→ **Work order**
The response should consist of the data below, copied exactly, with no pictures in it.

→ **Data listing**
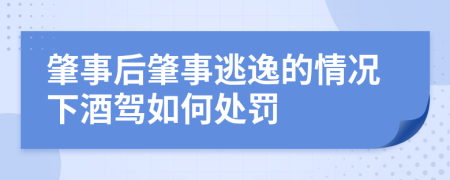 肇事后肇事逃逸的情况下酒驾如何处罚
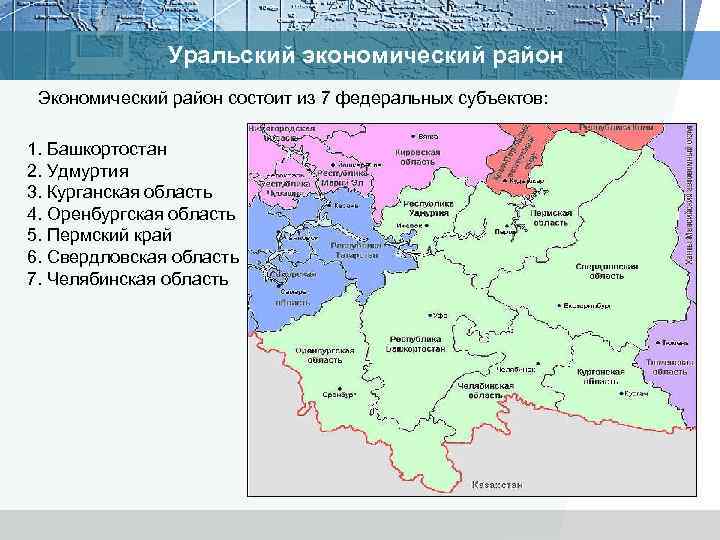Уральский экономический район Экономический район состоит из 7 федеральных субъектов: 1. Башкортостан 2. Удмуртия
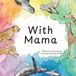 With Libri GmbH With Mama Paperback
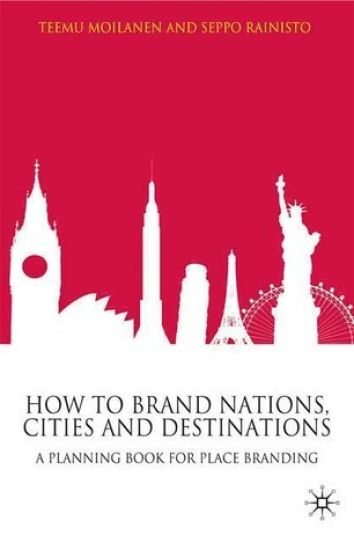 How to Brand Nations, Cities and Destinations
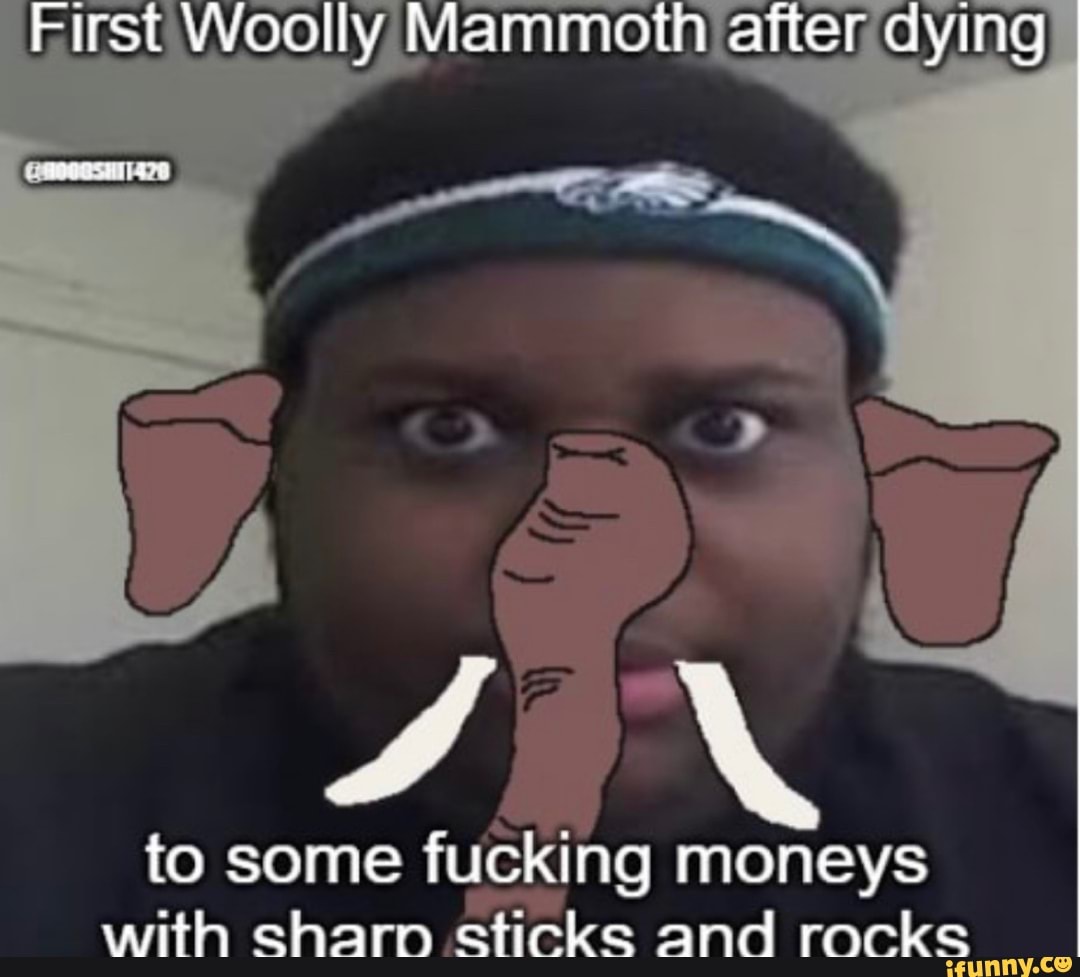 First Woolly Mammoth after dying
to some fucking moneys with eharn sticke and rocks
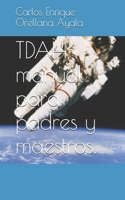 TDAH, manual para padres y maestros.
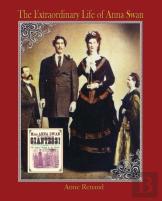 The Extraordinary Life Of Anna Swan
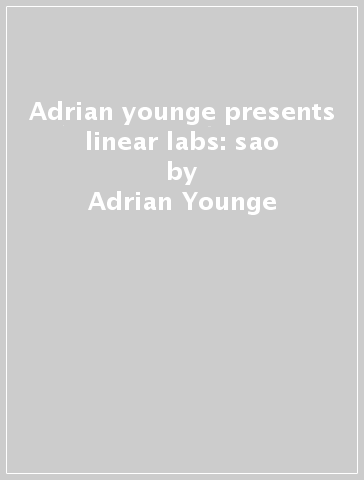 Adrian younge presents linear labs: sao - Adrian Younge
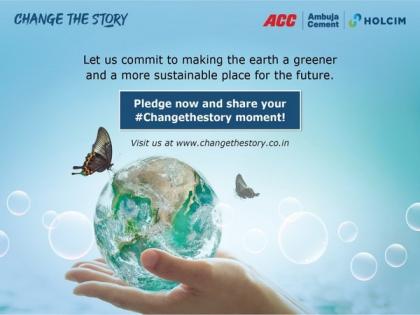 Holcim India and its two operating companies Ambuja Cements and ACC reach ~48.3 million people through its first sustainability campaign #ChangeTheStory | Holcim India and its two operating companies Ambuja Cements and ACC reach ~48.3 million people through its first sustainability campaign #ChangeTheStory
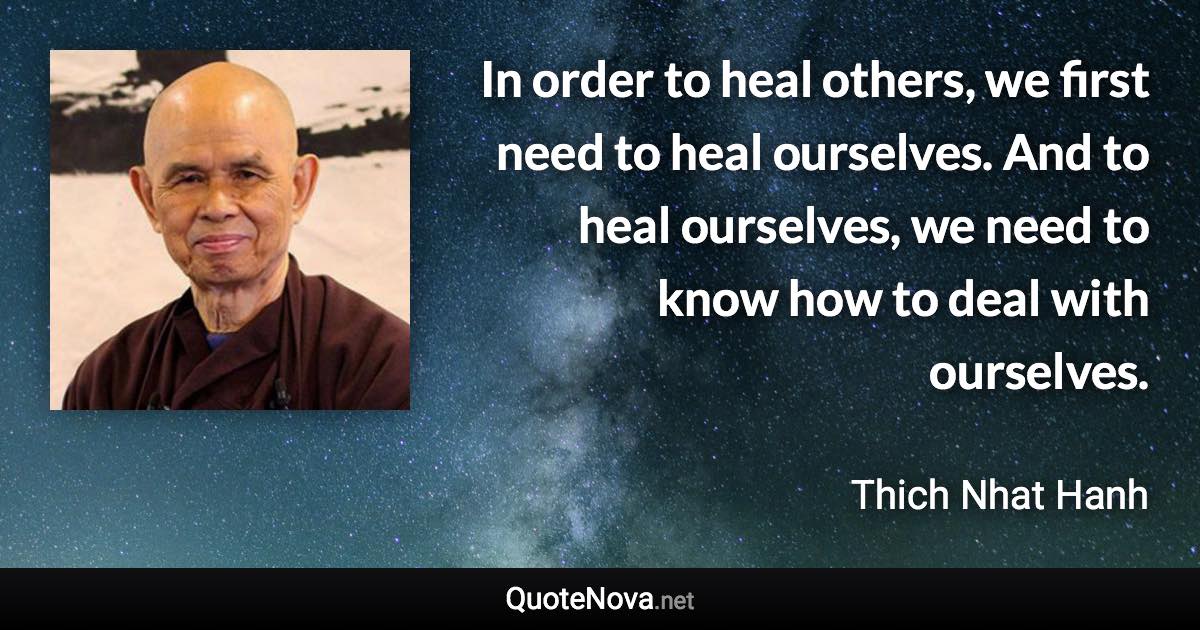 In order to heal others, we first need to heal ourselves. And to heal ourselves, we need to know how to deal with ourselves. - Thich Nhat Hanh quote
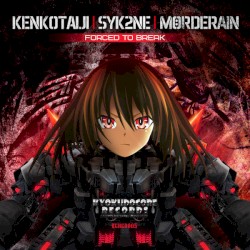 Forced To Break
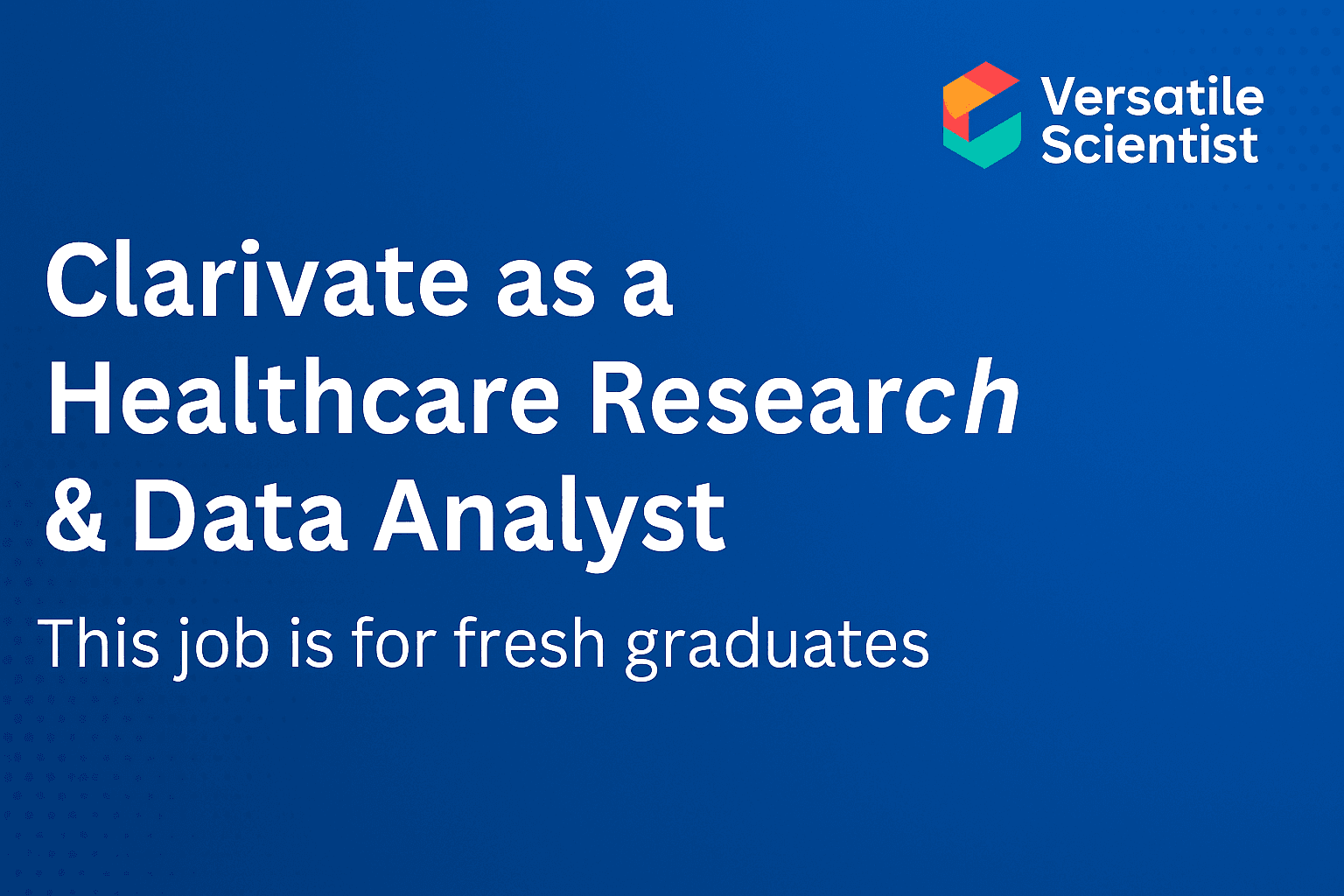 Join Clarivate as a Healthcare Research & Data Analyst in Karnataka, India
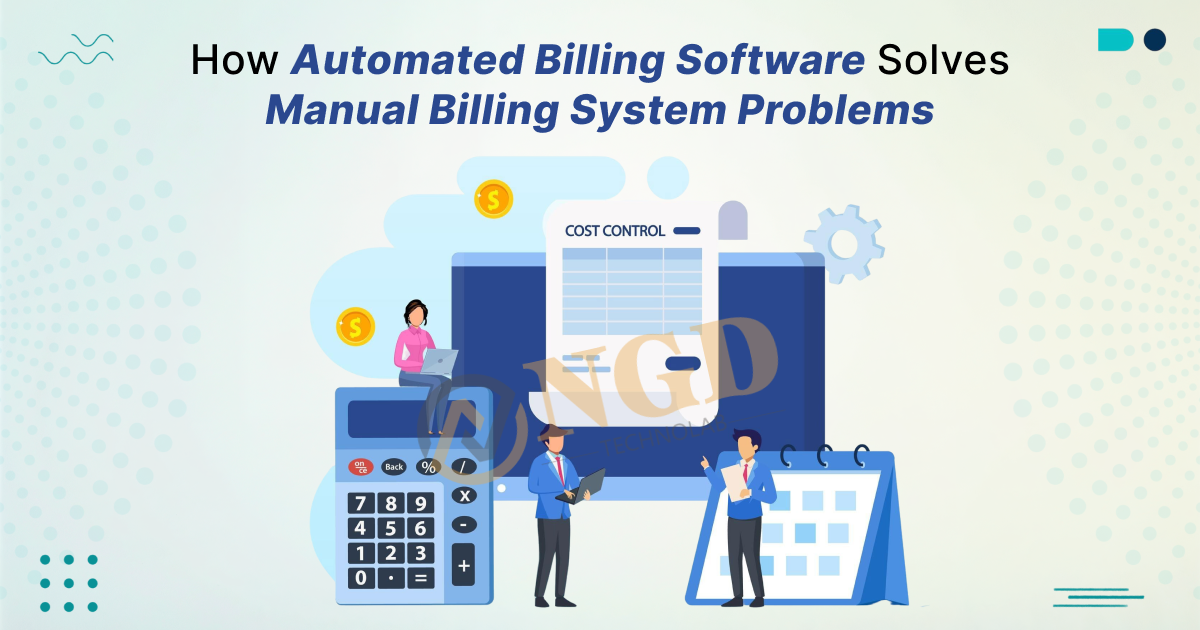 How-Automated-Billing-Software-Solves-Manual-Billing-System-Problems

→ **Your response**
 肇事后肇事逃逸的情况下酒驾如何处罚
Уральский экономический район Экономический район состоит из 7 федеральных субъектов: 1. Башкортостан 2. Удмуртия
 With Libri GmbH With Mama Paperback
 How to Brand Nations, Cities and Destinations
 First Woolly Mammoth after dying
to some fucking moneys with eharn sticke and rocks
 TDAH, manual para padres y maestros.
 The Extraordinary Life Of Anna Swan
 Adrian younge presents linear labs: sao - Adrian Younge
 Holcim India and its two operating companies Ambuja Cements and ACC reach ~48.3 million people through its first sustainability campaign #ChangeTheStory | Holcim India and its two operating companies Ambuja Cements and ACC reach ~48.3 million people through its first sustainability campaign #ChangeTheStory
 In order to heal others, we first need to heal ourselves. And to heal ourselves, we need to know how to deal with ourselves. - Thich Nhat Hanh quote
 Forced To Break
 Join Clarivate as a Healthcare Research & Data Analyst in Karnataka, India
 How-Automated-Billing-Software-Solves-Manual-Billing-System-Problems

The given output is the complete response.